● PROBLEM DETAILS
A complete and exact copy of the data below is required.

· · · ·

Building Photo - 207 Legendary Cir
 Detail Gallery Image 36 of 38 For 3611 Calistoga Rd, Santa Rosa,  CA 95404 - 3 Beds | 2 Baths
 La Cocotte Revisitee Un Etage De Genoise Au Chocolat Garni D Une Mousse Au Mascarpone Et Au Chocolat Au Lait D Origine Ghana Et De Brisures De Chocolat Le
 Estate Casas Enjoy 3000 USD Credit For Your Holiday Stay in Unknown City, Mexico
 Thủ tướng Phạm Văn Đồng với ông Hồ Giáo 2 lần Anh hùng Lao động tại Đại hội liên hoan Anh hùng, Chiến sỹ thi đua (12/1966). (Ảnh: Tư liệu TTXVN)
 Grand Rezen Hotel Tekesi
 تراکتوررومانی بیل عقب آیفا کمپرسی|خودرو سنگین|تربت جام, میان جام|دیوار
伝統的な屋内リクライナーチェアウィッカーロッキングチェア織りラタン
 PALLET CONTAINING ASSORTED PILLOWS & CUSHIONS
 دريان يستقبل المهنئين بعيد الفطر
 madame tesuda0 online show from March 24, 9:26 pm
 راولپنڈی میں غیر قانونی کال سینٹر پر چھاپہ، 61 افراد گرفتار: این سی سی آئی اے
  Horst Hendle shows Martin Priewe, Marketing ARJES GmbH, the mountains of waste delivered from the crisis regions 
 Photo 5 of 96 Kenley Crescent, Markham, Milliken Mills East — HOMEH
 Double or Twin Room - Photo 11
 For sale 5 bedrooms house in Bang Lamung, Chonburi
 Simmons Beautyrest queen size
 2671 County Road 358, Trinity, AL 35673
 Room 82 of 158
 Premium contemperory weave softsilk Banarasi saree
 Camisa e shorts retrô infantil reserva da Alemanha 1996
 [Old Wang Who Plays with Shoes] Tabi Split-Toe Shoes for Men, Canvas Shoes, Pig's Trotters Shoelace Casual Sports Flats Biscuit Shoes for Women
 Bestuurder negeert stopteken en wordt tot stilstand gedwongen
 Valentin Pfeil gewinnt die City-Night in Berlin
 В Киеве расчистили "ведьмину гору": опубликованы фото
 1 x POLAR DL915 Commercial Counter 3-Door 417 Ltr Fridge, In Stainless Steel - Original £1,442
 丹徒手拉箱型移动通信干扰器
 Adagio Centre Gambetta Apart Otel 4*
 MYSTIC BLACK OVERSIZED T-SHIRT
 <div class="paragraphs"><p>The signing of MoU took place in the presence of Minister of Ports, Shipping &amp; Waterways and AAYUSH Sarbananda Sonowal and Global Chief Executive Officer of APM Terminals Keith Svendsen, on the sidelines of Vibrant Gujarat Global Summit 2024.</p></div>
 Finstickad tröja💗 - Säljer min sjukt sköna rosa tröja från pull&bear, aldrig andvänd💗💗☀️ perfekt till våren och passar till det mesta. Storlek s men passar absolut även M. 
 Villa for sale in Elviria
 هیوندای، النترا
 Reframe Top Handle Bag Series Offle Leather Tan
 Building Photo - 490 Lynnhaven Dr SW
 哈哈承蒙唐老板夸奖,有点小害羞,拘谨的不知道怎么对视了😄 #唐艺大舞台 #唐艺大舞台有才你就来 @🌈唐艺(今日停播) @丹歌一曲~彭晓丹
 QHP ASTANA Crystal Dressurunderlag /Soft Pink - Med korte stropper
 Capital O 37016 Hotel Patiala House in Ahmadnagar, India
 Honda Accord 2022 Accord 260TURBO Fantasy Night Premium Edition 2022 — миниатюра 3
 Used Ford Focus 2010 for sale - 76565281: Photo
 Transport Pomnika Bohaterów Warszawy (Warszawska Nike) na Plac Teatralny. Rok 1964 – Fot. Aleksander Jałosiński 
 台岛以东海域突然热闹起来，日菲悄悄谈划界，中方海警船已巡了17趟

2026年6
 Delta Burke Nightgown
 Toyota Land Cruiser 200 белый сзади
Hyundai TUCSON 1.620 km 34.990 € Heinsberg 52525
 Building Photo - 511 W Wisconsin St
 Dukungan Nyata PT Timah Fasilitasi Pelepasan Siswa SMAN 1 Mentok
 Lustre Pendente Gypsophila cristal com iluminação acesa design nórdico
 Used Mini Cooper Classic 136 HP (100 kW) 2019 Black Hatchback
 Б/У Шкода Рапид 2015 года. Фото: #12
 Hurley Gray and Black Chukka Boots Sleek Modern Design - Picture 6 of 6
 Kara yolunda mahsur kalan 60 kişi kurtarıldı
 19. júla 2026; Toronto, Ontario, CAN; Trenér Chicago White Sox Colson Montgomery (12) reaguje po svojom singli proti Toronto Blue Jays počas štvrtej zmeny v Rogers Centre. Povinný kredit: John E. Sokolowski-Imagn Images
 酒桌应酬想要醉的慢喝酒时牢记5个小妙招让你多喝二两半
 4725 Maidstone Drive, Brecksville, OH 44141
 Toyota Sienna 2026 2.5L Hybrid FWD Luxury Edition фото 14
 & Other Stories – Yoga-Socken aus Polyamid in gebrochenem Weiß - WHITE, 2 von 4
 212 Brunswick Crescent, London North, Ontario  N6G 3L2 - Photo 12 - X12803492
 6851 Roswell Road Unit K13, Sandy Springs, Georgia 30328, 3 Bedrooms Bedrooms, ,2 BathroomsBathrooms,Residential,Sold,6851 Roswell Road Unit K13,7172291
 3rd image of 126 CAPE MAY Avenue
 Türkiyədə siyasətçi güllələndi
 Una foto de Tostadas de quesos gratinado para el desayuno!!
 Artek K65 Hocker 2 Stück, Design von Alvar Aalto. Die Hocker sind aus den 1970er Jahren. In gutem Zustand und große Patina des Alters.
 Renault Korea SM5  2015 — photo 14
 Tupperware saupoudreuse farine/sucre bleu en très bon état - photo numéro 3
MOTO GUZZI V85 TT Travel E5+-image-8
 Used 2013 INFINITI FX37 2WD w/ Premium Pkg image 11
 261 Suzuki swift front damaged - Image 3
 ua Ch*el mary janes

· · · ·

● ANSWER SECTION
Building Photo - 207 Legendary Cir
 Detail Gallery Image 36 of 38 For 3611 Calistoga Rd, Santa Rosa,  CA 95404 - 3 Beds | 2 Baths
 La Cocotte Revisitee Un Etage De Genoise Au Chocolat Garni D Une Mousse Au Mascarpone Et Au Chocolat Au Lait D Origine Ghana Et De Brisures De Chocolat Le
 Estate Casas Enjoy 3000 USD Credit For Your Holiday Stay in Unknown City, Mexico
 Thủ tướng Phạm Văn Đồng với ông Hồ Giáo 2 lần Anh hùng Lao động tại Đại hội liên hoan Anh hùng, Chiến sỹ thi đua (12/1966). (Ảnh: Tư liệu TTXVN)
 Grand Rezen Hotel Tekesi
 تراکتوررومانی بیل عقب آیفا کمپرسی|خودرو سنگین|تربت جام, میان جام|دیوار
伝統的な屋内リクライナーチェアウィッカーロッキングチェア織りラタン
 PALLET CONTAINING ASSORTED PILLOWS & CUSHIONS
 دريان يستقبل المهنئين بعيد الفطر
 madame tesuda0 online show from March 24, 9:26 pm
 راولپنڈی میں غیر قانونی کال سینٹر پر چھاپہ، 61 افراد گرفتار: این سی سی آئی اے
  Horst Hendle shows Martin Priewe, Marketing ARJES GmbH, the mountains of waste delivered from the crisis regions 
 Photo 5 of 96 Kenley Crescent, Markham, Milliken Mills East — HOMEH
 Double or Twin Room - Photo 11
 For sale 5 bedrooms house in Bang Lamung, Chonburi
 Simmons Beautyrest queen size
 2671 County Road 358, Trinity, AL 35673
 Room 82 of 158
 Premium contemperory weave softsilk Banarasi saree
 Camisa e shorts retrô infantil reserva da Alemanha 1996
 [Old Wang Who Plays with Shoes] Tabi Split-Toe Shoes for Men, Canvas Shoes, Pig's Trotters Shoelace Casual Sports Flats Biscuit Shoes for Women
 Bestuurder negeert stopteken en wordt tot stilstand gedwongen
 Valentin Pfeil gewinnt die City-Night in Berlin
 В Киеве расчистили "ведьмину гору": опубликованы фото
 1 x POLAR DL915 Commercial Counter 3-Door 417 Ltr Fridge, In Stainless Steel - Original £1,442
 丹徒手拉箱型移动通信干扰器
 Adagio Centre Gambetta Apart Otel 4*
 MYSTIC BLACK OVERSIZED T-SHIRT
 <div class="paragraphs"><p>The signing of MoU took place in the presence of Minister of Ports, Shipping &amp; Waterways and AAYUSH Sarbananda Sonowal and Global Chief Executive Officer of APM Terminals Keith Svendsen, on the sidelines of Vibrant Gujarat Global Summit 2024.</p></div>
 Finstickad tröja💗 - Säljer min sjukt sköna rosa tröja från pull&bear, aldrig andvänd💗💗☀️ perfekt till våren och passar till det mesta. Storlek s men passar absolut även M. 
 Villa for sale in Elviria
 هیوندای، النترا
 Reframe Top Handle Bag Series Offle Leather Tan
 Building Photo - 490 Lynnhaven Dr SW
 哈哈承蒙唐老板夸奖,有点小害羞,拘谨的不知道怎么对视了😄 #唐艺大舞台 #唐艺大舞台有才你就来 @🌈唐艺(今日停播) @丹歌一曲~彭晓丹
 QHP ASTANA Crystal Dressurunderlag /Soft Pink - Med korte stropper
 Capital O 37016 Hotel Patiala House in Ahmadnagar, India
 Honda Accord 2022 Accord 260TURBO Fantasy Night Premium Edition 2022 — миниатюра 3
 Used Ford Focus 2010 for sale - 76565281: Photo
 Transport Pomnika Bohaterów Warszawy (Warszawska Nike) na Plac Teatralny. Rok 1964 – Fot. Aleksander Jałosiński 
 台岛以东海域突然热闹起来，日菲悄悄谈划界，中方海警船已巡了17趟

2026年6
 Delta Burke Nightgown
 Toyota Land Cruiser 200 белый сзади
Hyundai TUCSON 1.620 km 34.990 € Heinsberg 52525
 Building Photo - 511 W Wisconsin St
 Dukungan Nyata PT Timah Fasilitasi Pelepasan Siswa SMAN 1 Mentok
 Lustre Pendente Gypsophila cristal com iluminação acesa design nórdico
 Used Mini Cooper Classic 136 HP (100 kW) 2019 Black Hatchback
 Б/У Шкода Рапид 2015 года. Фото: #12
 Hurley Gray and Black Chukka Boots Sleek Modern Design - Picture 6 of 6
 Kara yolunda mahsur kalan 60 kişi kurtarıldı
 19. júla 2026; Toronto, Ontario, CAN; Trenér Chicago White Sox Colson Montgomery (12) reaguje po svojom singli proti Toronto Blue Jays počas štvrtej zmeny v Rogers Centre. Povinný kredit: John E. Sokolowski-Imagn Images
 酒桌应酬想要醉的慢喝酒时牢记5个小妙招让你多喝二两半
 4725 Maidstone Drive, Brecksville, OH 44141
 Toyota Sienna 2026 2.5L Hybrid FWD Luxury Edition фото 14
 & Other Stories – Yoga-Socken aus Polyamid in gebrochenem Weiß - WHITE, 2 von 4
 212 Brunswick Crescent, London North, Ontario  N6G 3L2 - Photo 12 - X12803492
 6851 Roswell Road Unit K13, Sandy Springs, Georgia 30328, 3 Bedrooms Bedrooms, ,2 BathroomsBathrooms,Residential,Sold,6851 Roswell Road Unit K13,7172291
 3rd image of 126 CAPE MAY Avenue
 Türkiyədə siyasətçi güllələndi
 Una foto de Tostadas de quesos gratinado para el desayuno!!
 Artek K65 Hocker 2 Stück, Design von Alvar Aalto. Die Hocker sind aus den 1970er Jahren. In gutem Zustand und große Patina des Alters.
 Renault Korea SM5  2015 — photo 14
 Tupperware saupoudreuse farine/sucre bleu en très bon état - photo numéro 3
MOTO GUZZI V85 TT Travel E5+-image-8
 Used 2013 INFINITI FX37 2WD w/ Premium Pkg image 11
 261 Suzuki swift front damaged - Image 3
 ua Ch*el mary janes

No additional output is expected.